### Records provided
=-=-=

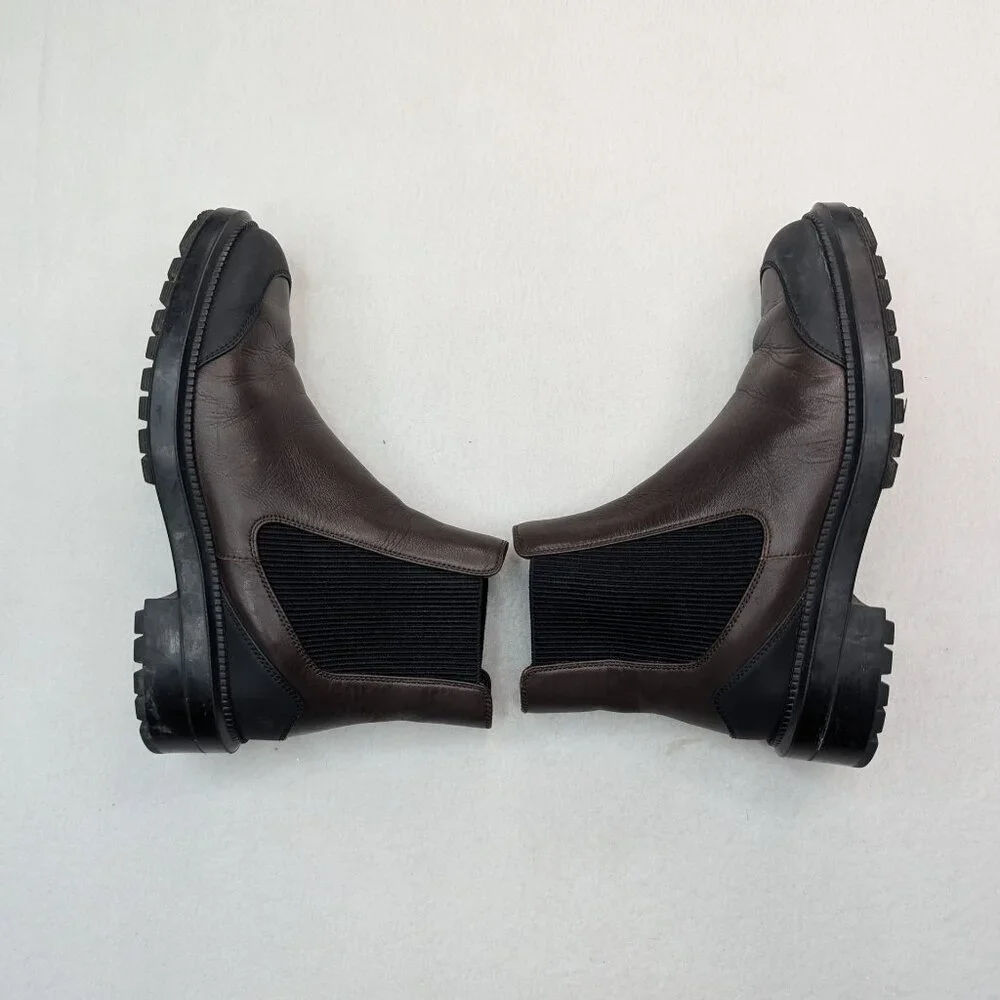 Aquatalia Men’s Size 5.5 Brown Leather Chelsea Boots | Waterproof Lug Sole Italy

=-=-=

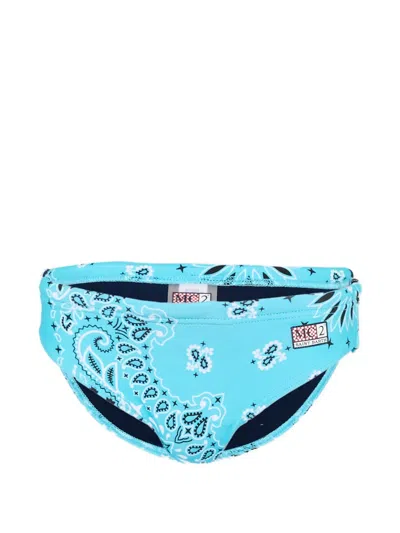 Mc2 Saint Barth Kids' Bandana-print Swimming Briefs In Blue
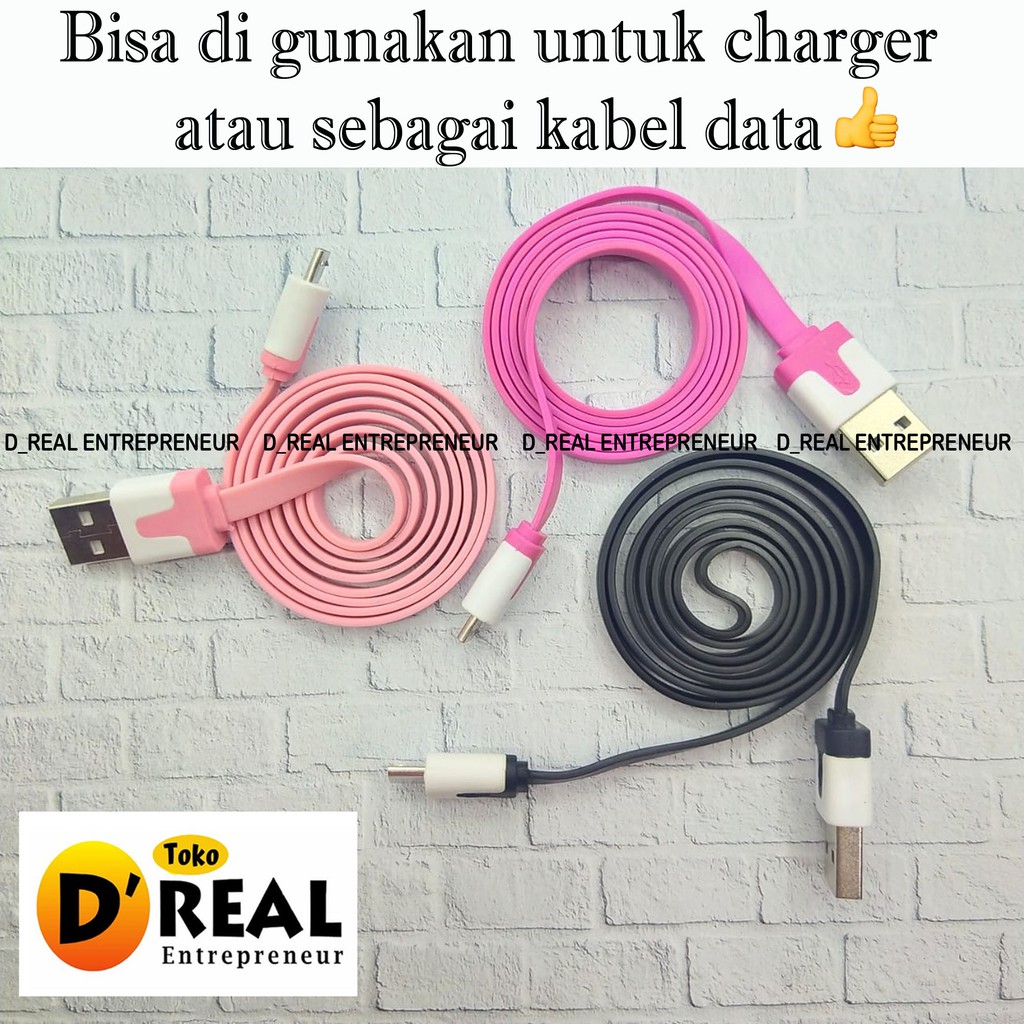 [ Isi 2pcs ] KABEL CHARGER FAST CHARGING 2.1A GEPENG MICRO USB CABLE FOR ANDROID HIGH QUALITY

=-=-=

What is needed is an exact copy of only the lines above from the one with "Mc2 Saint Barth" to the one with "[ Isi 2pcs ]", both kept, with every picture left out.

### Answer box
 Mc2 Saint Barth Kids' Bandana-print Swimming Briefs In Blue
 [ Isi 2pcs ] KABEL CHARGER FAST CHARGING 2.1A GEPENG MICRO USB CABLE FOR ANDROID HIGH QUALITY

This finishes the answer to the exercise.